---------- Raw data ----------

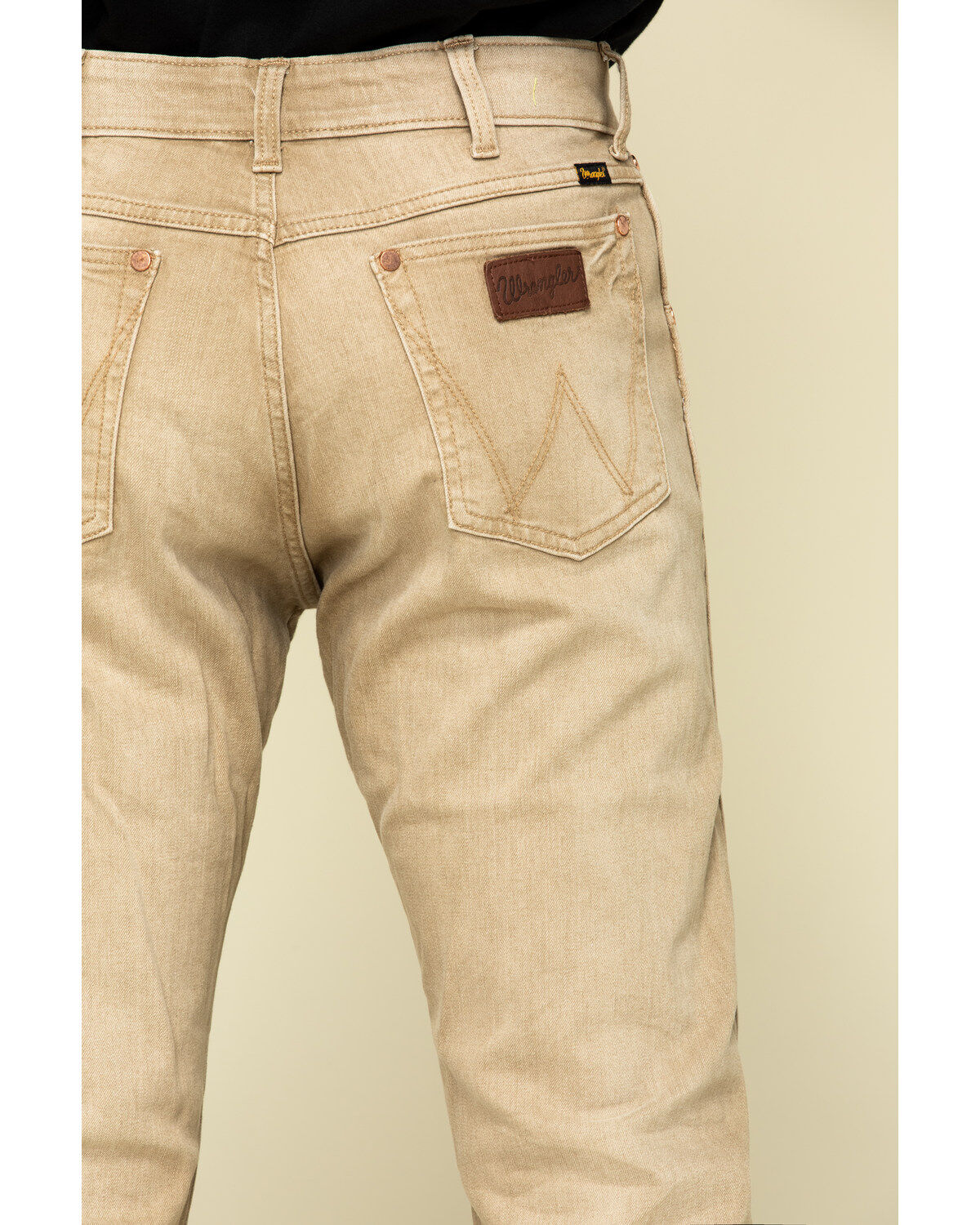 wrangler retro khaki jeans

----------
---------- Raw data ----------

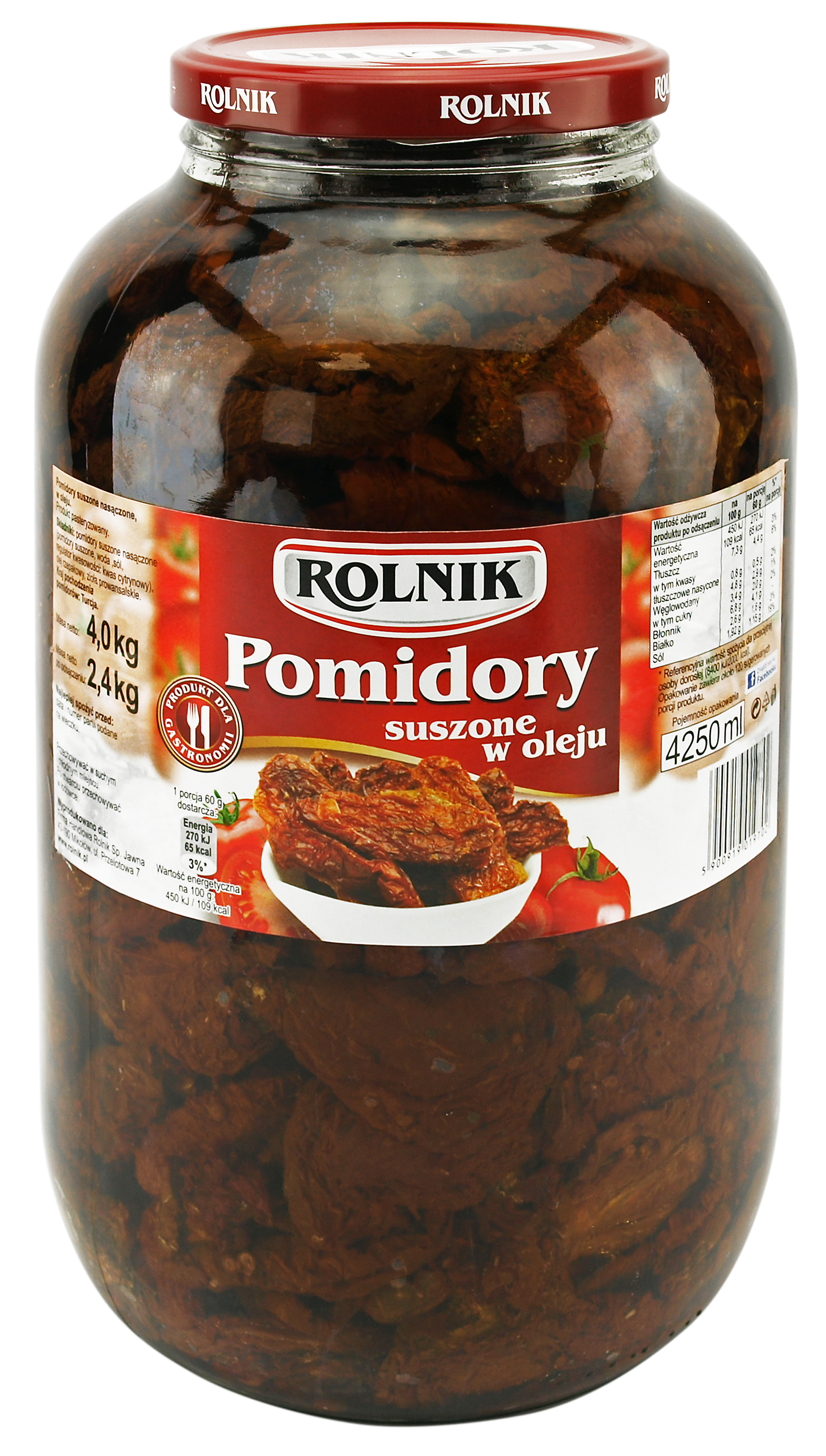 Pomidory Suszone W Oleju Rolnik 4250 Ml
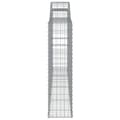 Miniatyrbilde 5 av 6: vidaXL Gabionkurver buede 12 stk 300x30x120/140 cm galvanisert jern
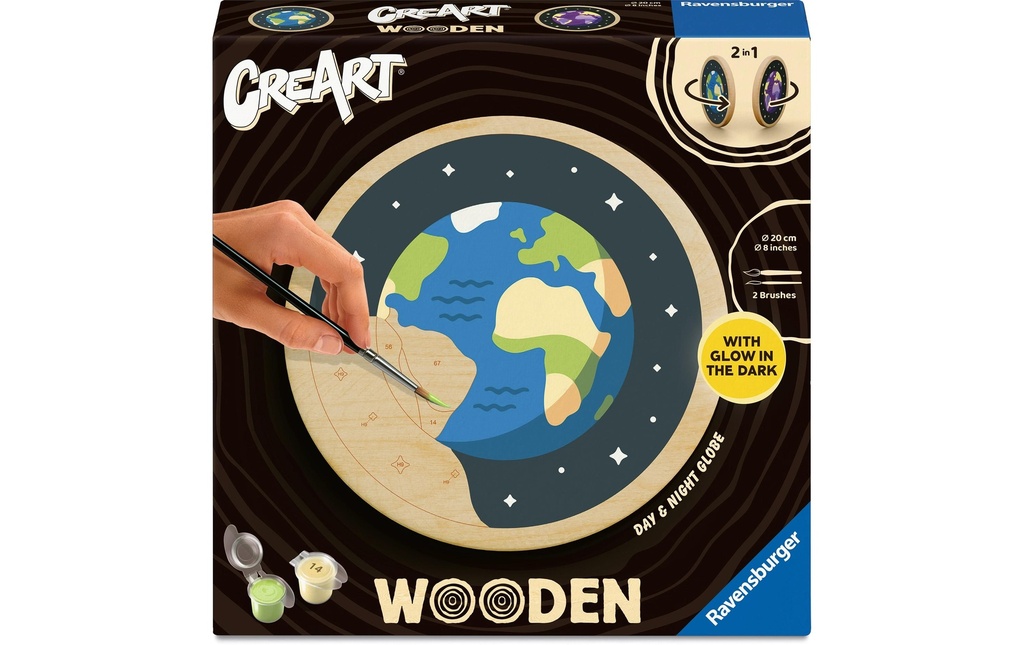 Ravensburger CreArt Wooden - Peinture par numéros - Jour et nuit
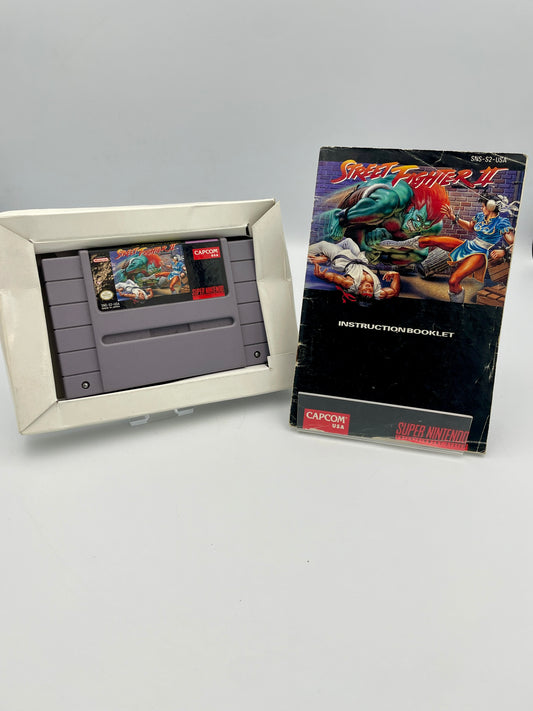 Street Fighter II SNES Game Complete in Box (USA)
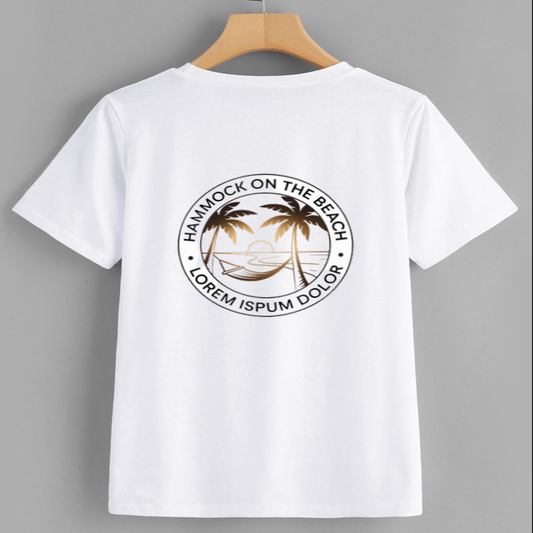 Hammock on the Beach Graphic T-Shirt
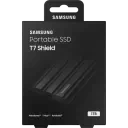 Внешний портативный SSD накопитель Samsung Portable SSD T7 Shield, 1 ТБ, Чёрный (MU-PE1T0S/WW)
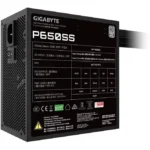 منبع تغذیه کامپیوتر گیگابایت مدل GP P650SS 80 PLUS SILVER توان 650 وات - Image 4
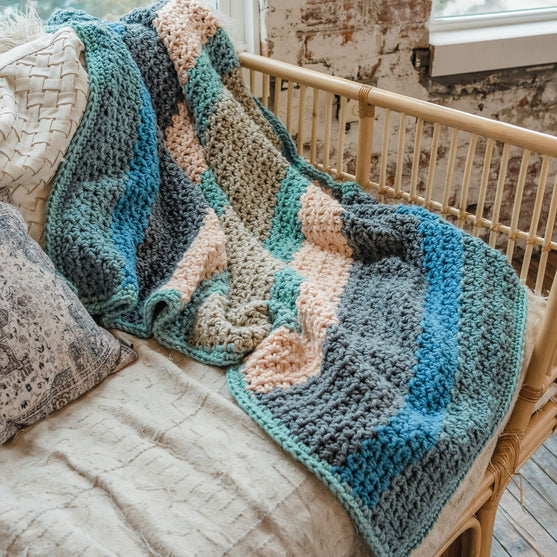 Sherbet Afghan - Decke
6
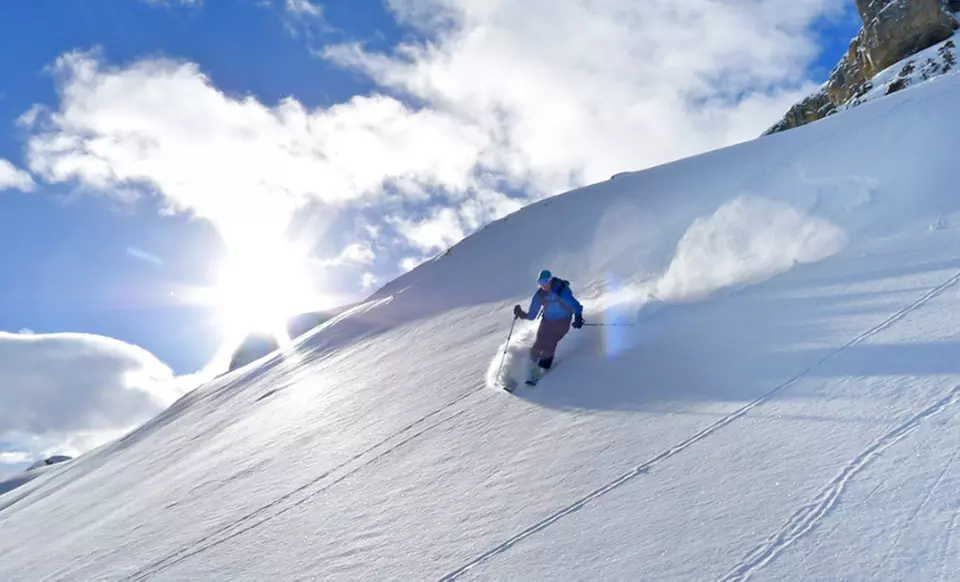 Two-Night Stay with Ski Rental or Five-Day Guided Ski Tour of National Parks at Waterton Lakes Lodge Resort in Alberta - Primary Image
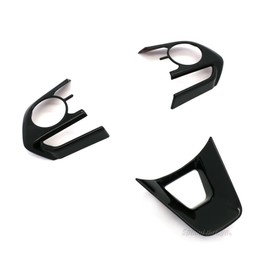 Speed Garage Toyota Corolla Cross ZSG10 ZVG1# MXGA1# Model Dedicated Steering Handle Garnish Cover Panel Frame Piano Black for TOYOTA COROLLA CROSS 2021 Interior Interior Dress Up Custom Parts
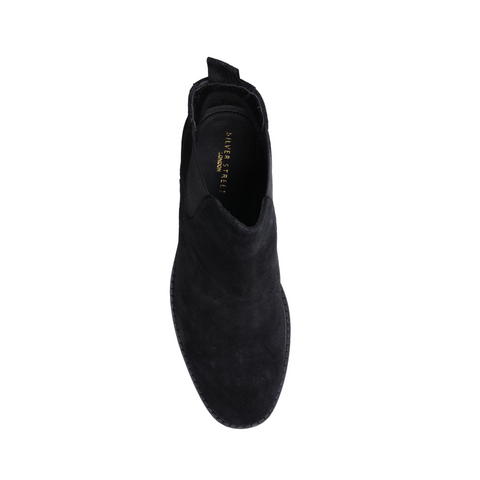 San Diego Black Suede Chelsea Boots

----------
---------- Raw data ----------

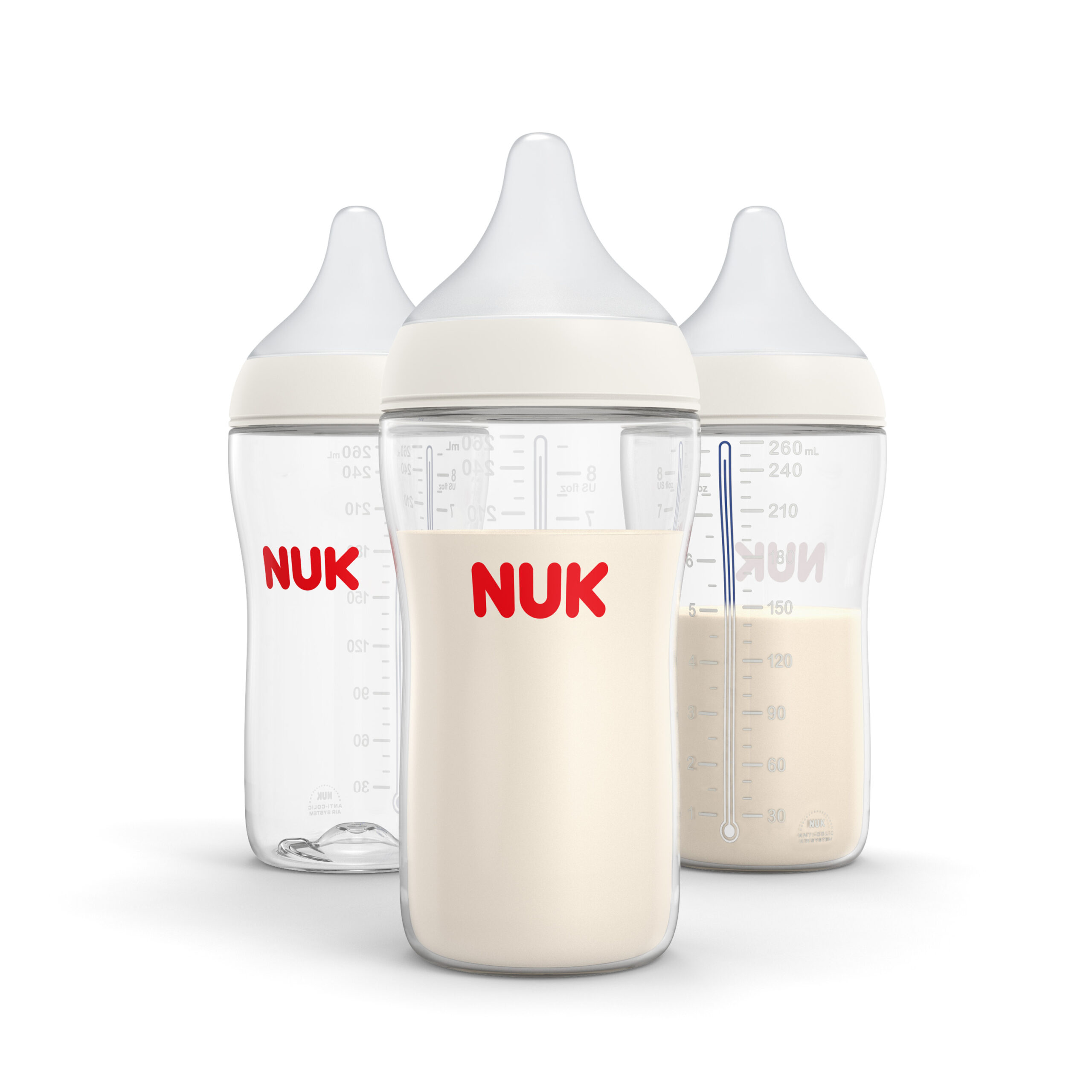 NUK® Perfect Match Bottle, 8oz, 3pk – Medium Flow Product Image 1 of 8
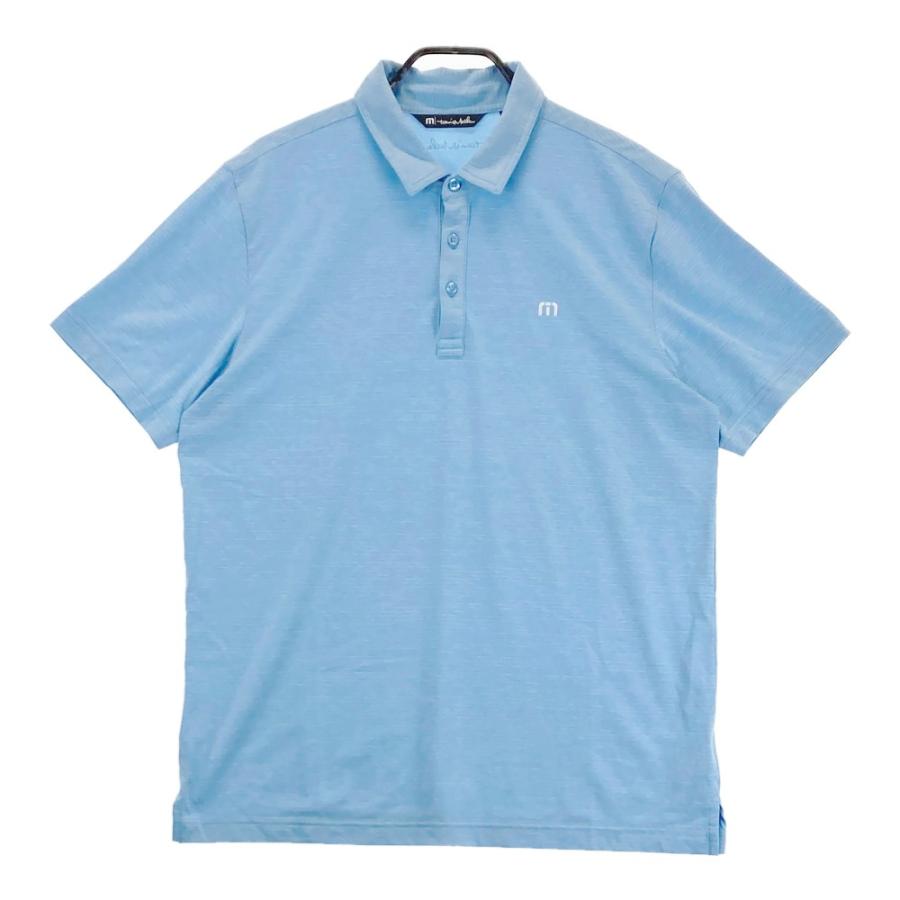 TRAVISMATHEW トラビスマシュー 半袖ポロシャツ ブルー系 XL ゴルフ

----------

**Problem to work on**
The answer is the lines of the material above, from the one containing "منبع تغذیه کامپیوتر" down to the one containing "San Diego Black Suede Chelsea Boots", given exactly and without images.

**Your solution**
 منبع تغذیه کامپیوتر گیگابایت مدل GP P650SS 80 PLUS SILVER توان 650 وات - Image 4
 Sherbet Afghan - Decke
6
 Two-Night Stay with Ski Rental or Five-Day Guided Ski Tour of National Parks at Waterton Lakes Lodge Resort in Alberta - Primary Image
 Speed Garage Toyota Corolla Cross ZSG10 ZVG1# MXGA1# Model Dedicated Steering Handle Garnish Cover Panel Frame Piano Black for TOYOTA COROLLA CROSS 2021 Interior Interior Dress Up Custom Parts
 San Diego Black Suede Chelsea Boots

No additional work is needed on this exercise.